_YOUR GOAL_. Among the lines below, a stretch begins at the one with "三角函数的图像和性质(复习课教案,含解答)" and ends at the one with "Linode：加拿大多伦多机房简单测评，附最新优惠码 - 新用户注册赠送". Repeat that stretch exactly, ends included.

_RECORD EXCERPTS_.
┌────────

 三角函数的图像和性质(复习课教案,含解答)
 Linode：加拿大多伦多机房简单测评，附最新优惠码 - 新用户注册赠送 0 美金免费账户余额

└────────
┌────────

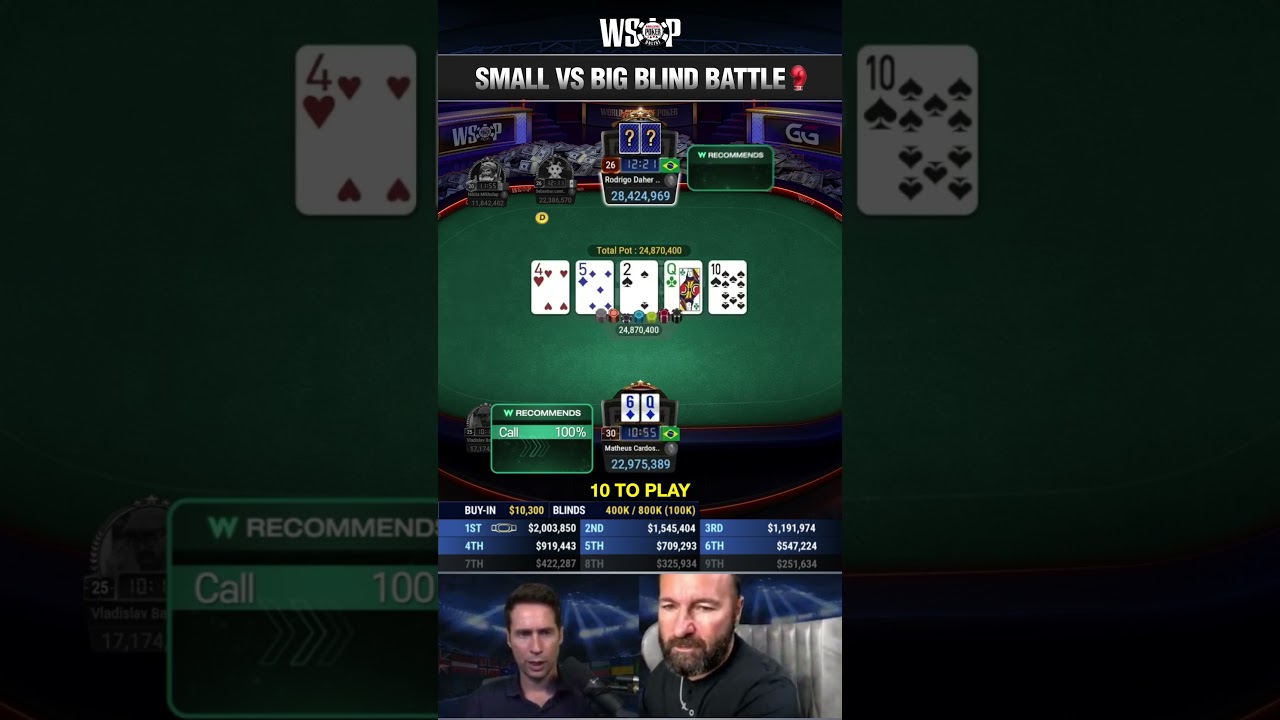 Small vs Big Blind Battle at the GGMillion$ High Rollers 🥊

└────────

_RESPONSE AREA_.
 三角函数的图像和性质(复习课教案,含解答)
 Linode：加拿大多伦多机房简单测评，附最新优惠码 - 新用户注册赠送 0 美金免费账户余额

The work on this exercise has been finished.